«Je voulais me rendre à mon dixième dernier show», lance dans une boutade Clémence DesRochers pour justifier son retour sur les planches. Si cette artiste inclassable a changé d'idée, c'est surtout parce que la scène lui manquait et qu'elle avait le goût de la partager avec Marie Michèle Desrosiers.

Cousines par alliance, Clémence DesRochers et Marie Michèle Desrosiers n'en sont pas à leur première collaboration professionnelle. «Elle m'a demandé de faire l'amante dans le duo L'amante et l'épouse, sur un disque des années 80», se remémore Marie Michèle, qui nous reçoit dans son salon de L'Île-des-Soeurs.

Un peu à l'écart, le nez plongé dans ses feuilles, le pianiste Steve Normandin corrige: c'était en 1975 et l'album s'intitulait Comme un miroir. «Exactement! confirme Clémence. Sur la pochette, j'ai les bras en l'air et une petite robe de coton. C'est Marie Michèle qui chante sur le disque? Ben, voyons donc! C'est une bolle, Steve.»

Une encyclopédie, un fabuleux musicien, un tendre, Clémence et Marie Michèle versent volontiers dans le dithyrambe quand il est question du pianiste qui les a accompagnées tant de fois et qui est depuis dimanche, à Waterloo, le complice essentiel de leur premier spectacle commun. «On voit davantage la tendresse de Clémence et on voit aussi la folie de Marie Michèle, dit ce témoin privilégié. L'une met en relief ce que l'autre n'osait pas montrer.»

C'est Clémence qui a demandé à Marie Michèle de monter sur scène à ses côtés.
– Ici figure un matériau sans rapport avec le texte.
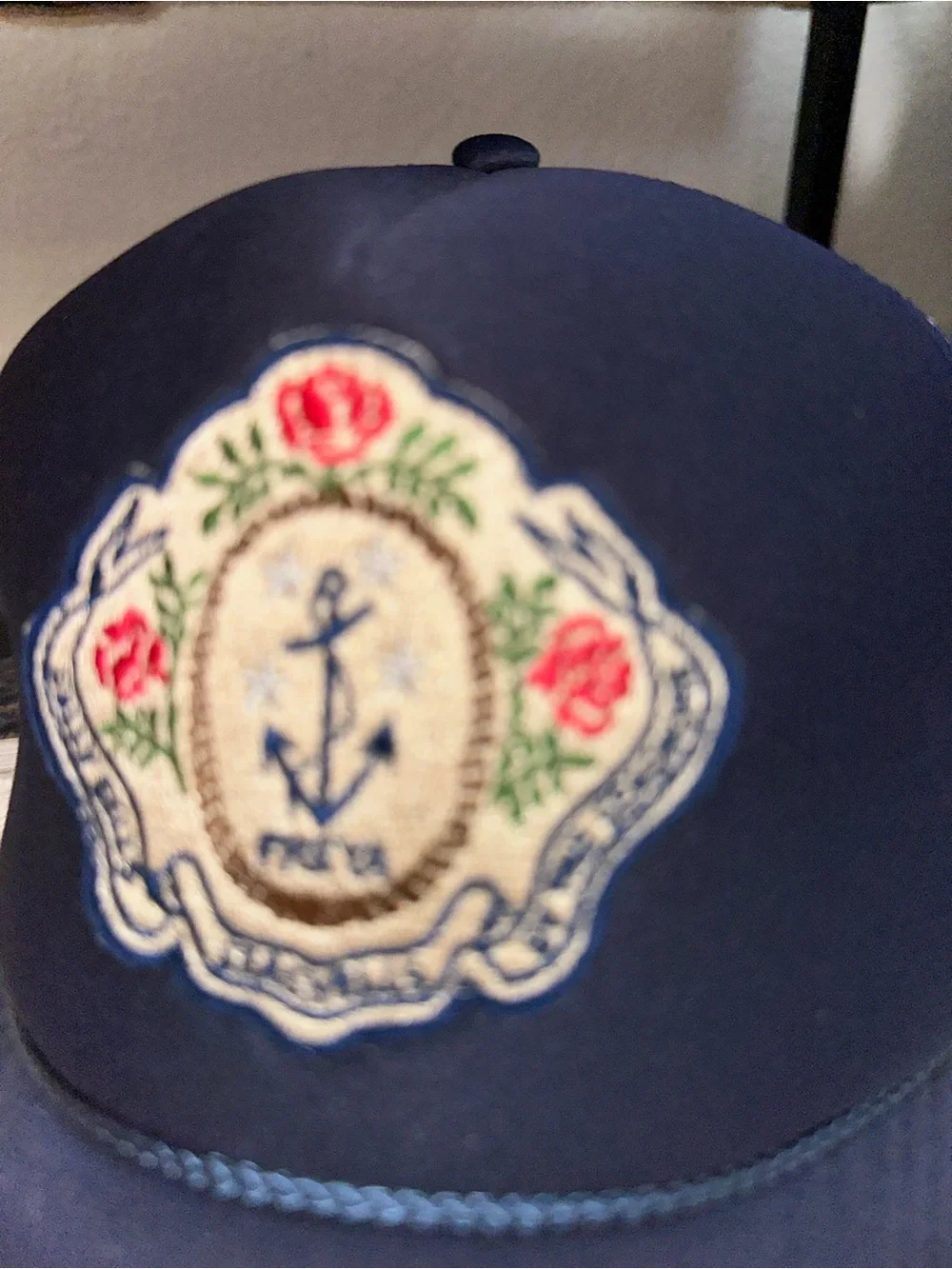 Freya Navy Anchor Patch Baseball Cap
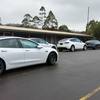 Tesla Owners Club of Australia meetup. Thanks to the Lodge for good meals and charging.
Comme elle avait demandé il y a quatre ans à Danielle Bombardier, une autre amie, de l'accompagner dans une série de conférences très divertissantes qui fut pour Clémence une manière de donner un spectacle sans le faire officiellement.

«Une personne a le droit de changer d'idée, explique-t-elle. J'avais envie de faire un spectacle avec Marie, ça fait des années que j'y pensais. J'avais dit que je n'en ferais plus, mais je me suis retrouvée dans une espèce de vide intellectuel, moral et physique, et j'avais besoin de faire quelque chose, d'avoir un but.»

Des classiques

À 80 ans bien comptés, Clémence est en forme et ses problèmes de santé ne sont plus que de lointains souvenirs. «Je ne connais personne qui peut faire autant de choses dans une journée; on n'arrive pas à la suivre», affirme sa nouvelle partenaire de scène.

Mais arrive un moment où cette solitude dont Clémence a besoin la «tue», et que la scène et l'amour du public lui manquent vraiment. D'où ce retour, même si elle précise qu'elle n'a rien écrit de neuf, si ce n'est un nouveau monologue, Le carré noir, qui porte sur l'internet.

«J'ai l'impression que j'ai fait ce que j'avais à faire au point de vue de l'écriture, explique-t-elle. C'est pour ça que les numéros reviennent, comme La jaquette en papier. Ce sont des situations qui restent, que j'ai bien exprimées: des classiques. Si tu veux réentendre un Molière, tu réécoutes Molière. Je ne veux pas nécessairement me comparer à lui, je suis ben meilleure que lui...»

Et tout le monde pouffe de rire.

Une invitée spéciale

Marie Michèle connaît bien les chansons de Clémence. Plus encore, c'est Clémence qui l'a aidée à monter son spectacle Marie Michèle se défrise et à enregistrer le disque du même nom dont elle a signé plusieurs chansons.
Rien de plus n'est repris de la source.